The three motion sensors – accelerometer, gyroscope and magnetic compass – have their own advantages and disadvantages. Sensor limitations include imperfect calibration, drift over time or temperature and random noise. Magnetometer and Accelerometer are subject to distortions and gyroscope has inherent drift. Sensor fusion library is used to calibrate their sensors with each other to create a condition which gives an accurate result in all scenarios. It not only give calibrated sensor outputs but also gives angle and heading angle information.
Activity recognition library can take sensor data and inform the application if the user is a pedestrian, driving a bike or car. It can also tell if the user is stationary, walk, fast walking, jogging.
A wearable comes in various forms such as a smart watch, smart shoes, smart glasses, armband, waist accessories etc. Similarly, a user can keep mobile in his front pocket, back pocket, shirt pocket, hand or on a table. So it is important for algorithms to know the carry position for it to work precisely. The carry position determination library does exactly this.
A magnetic compass is a very important sensor to give direction sense but this sensor also very sensitive to hard iron, soft iron or angle of operation. Hard iron is the presence hard permanent ferromagnetic material in the vicinity of the sensor. It creates a permanent shift in compass reading. Soft iron is the presence of weak ferromagnetic material, circuit traces etc.
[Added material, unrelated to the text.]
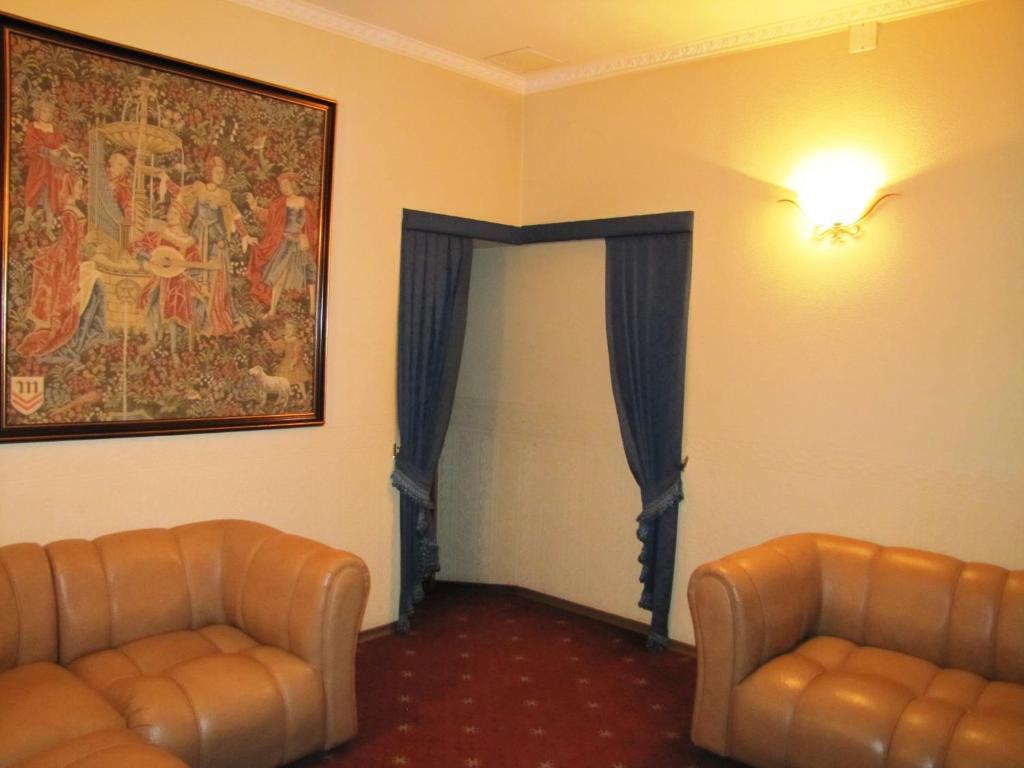 Severnye Zori Hotel Tjerepovets Exteriör bild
It creates a variable shift in the sensor reading. So a magnetic sensor calibration library is used to filter out these anomalies. It is important for the library to do a fast calibration with minimum effort by the user.
A pedometer library is used for step detection and step counting. The library should be accurate and smart enough to have a minimum error and consume minimum power. A smart pedometer library also uses activity recognition and carry position libraries as mentioned above.
STMicroelectronics complements its advance smart sensors with smart software algorithm libraries to extract the best use of sensors and help the designer create world class products with minimum efforts.
The wave of wearable is mainly driven by startups and young Engineers. Moreover, the market is evolving at such a fast pace that changing of success depends heavily on time and cost involved. It is very important to have a development platform which is open source, affordable, flexible, production ready and scalable.
STMicroelectronics has introduced an STM32 open development environment platform which allows designers to develop products using ST microcontroller, sensors, RF and Analog products in a very flexible and affordable way. The hardware platform is complemented by software drivers, middleware libraries, and applications. It also includes associated Android and iOS code.
The user can also access many advanced libraries by a simple computer-based license agreement. Once the platform is tested designer can develop his custom PCB and load the firmware developed on this platform. The user will need to sign the production license for libraries only when he want to test on his custom board.
Wearable has the potential to change the world just as the internet did. Smart Sensors and BLE have empowered devices with the power of sensing and communication to take complex decisions.Wearables will create fundamentally new use cases and will do things which even smartphones cannot do. It is expected that healthcare and fitness will emerge as the largest category for wearable. STMicroelectronics offers one stop shop for all semiconductor requirements in this space and allows for users and entrepreneurs time to market with driver and library support.